ショックを受ける恩師

「バカすぎる、って話しています。人気球団の名だたるスター選手の道具を転売したわりには“売り上げ”も少なすぎる。熱心なファンにこっそり売りつけるのではなく、最終的に不特定多数に販売される店を選んだ理由がわからない」

 柿澤容疑者は東京・葛飾区の出身。野球を始めたのは小学1年のころで、地元の軟式野球チームに所属していた。

 中学からは鹿児島県の野球強豪校、神村学園に進学。甲子園に春夏合わせて3回出場し、3年の夏はピッチャーで4番打者もつとめチームのベスト16進出に大きく貢献した。
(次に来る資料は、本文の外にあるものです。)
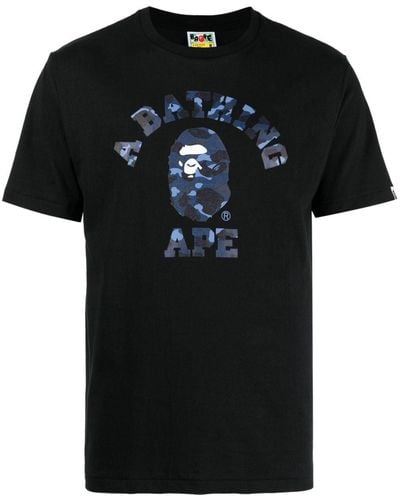 A Bathing Ape Bape Colour Camo University T-shirt - Black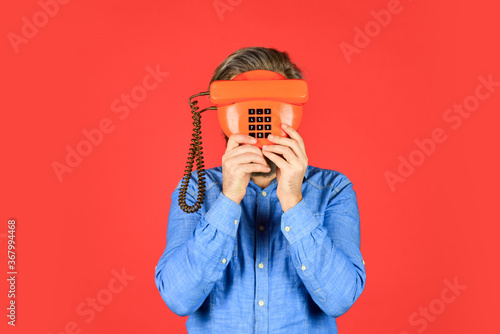 Outdated technology. Manager phone dialog communication. Call me. Successful negotiations. Retro phone. Sales script. Answering machine. Bearded man phone conversation. Cold Calling Scripts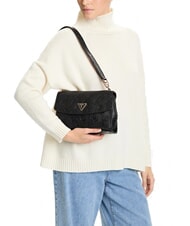 GUESS CRESIDIA II Umhängetasche mit Überschlag schwarzes Logo - Damentaschen - 6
 高校卒業後、楽天に入団し、外野手に転向。2016年オフにトレードで巨人に移籍した。推定年俸は500万円。楽天、巨人を通じて1軍でのプレー経験はなかった。

 前出・スポーツ紙記者は、

「楽天時代から消費者金融に借金を重ねていました。趣味は車。高級外車の維持に金がかかり、今年結婚して家賃、飲食費と出費がかさんでいたようです」と話す。

 前出・全国紙運動部記者は、

「プロは1軍で活躍しなければ意味がないので野球に打ち込むしかないんです。高級外車を乗り回して喜んでいる場合ではない」とプロ意識の低さを指摘した。

 容疑者を知る少年野球の関係者を訪ねると、「素晴らしい選手だったので信じられない」(対戦チームのスタッフ)などと一様に絶句していた。

 神村学園高等部で指導した山本常夫監督(現在は別の私立高の部長)に取材を申し込むと、「山本さんは大きなショックを受けており、気持ちの整理がつかないと話しております」(学校関係者)と本人が出てくることすらなかった。

 プロになる夢を叶えて何が変わったのか。入団当初はまっとうにお金を使っていた。

 柿澤容疑者は救援投手として'12年春のセンバツ甲子園で被災地・宮城の県立石巻工業高校と対戦し、相手打線を封じて勝利を収めた。